* Material provided *
+===+
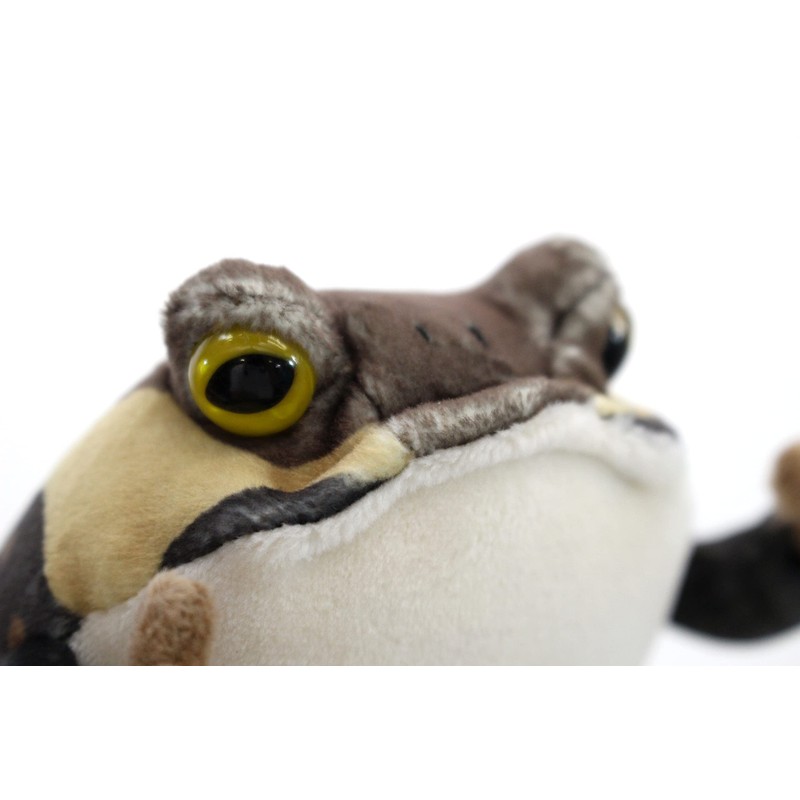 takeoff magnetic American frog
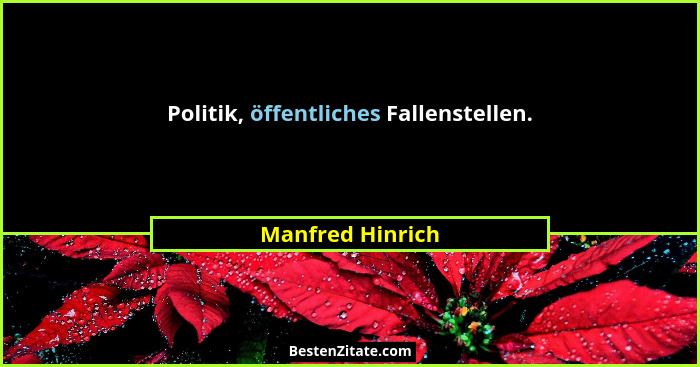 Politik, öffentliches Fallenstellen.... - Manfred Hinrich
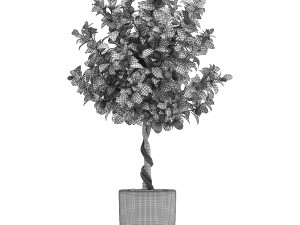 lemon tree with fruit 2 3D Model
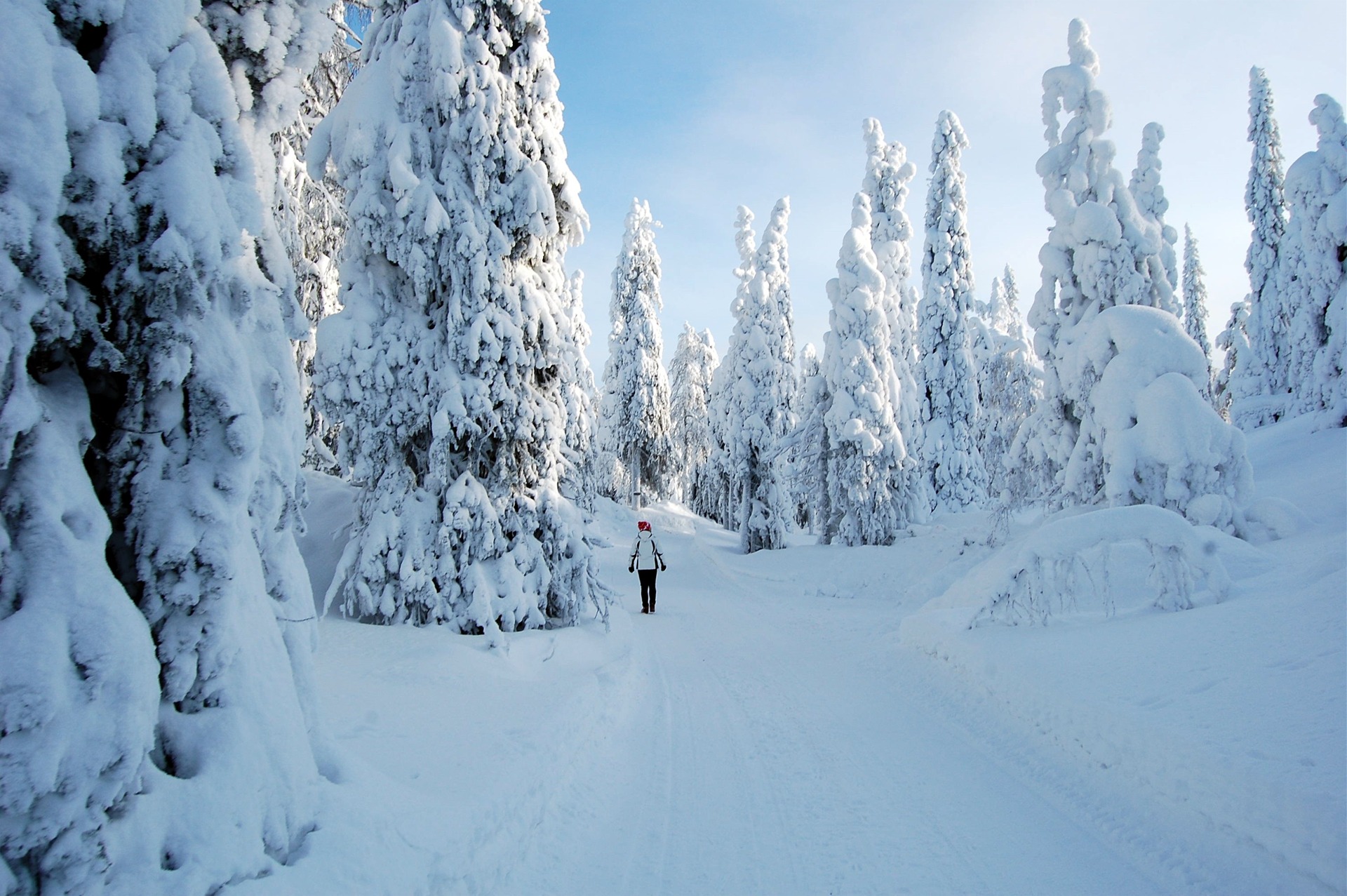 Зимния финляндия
+===+
Where a picture appears in the material above, skip it, and print the rest exactly.

 takeoff magnetic American frog
 Politik, öffentliches Fallenstellen.... - Manfred Hinrich
 lemon tree with fruit 2 3D Model
 Зимния финляндия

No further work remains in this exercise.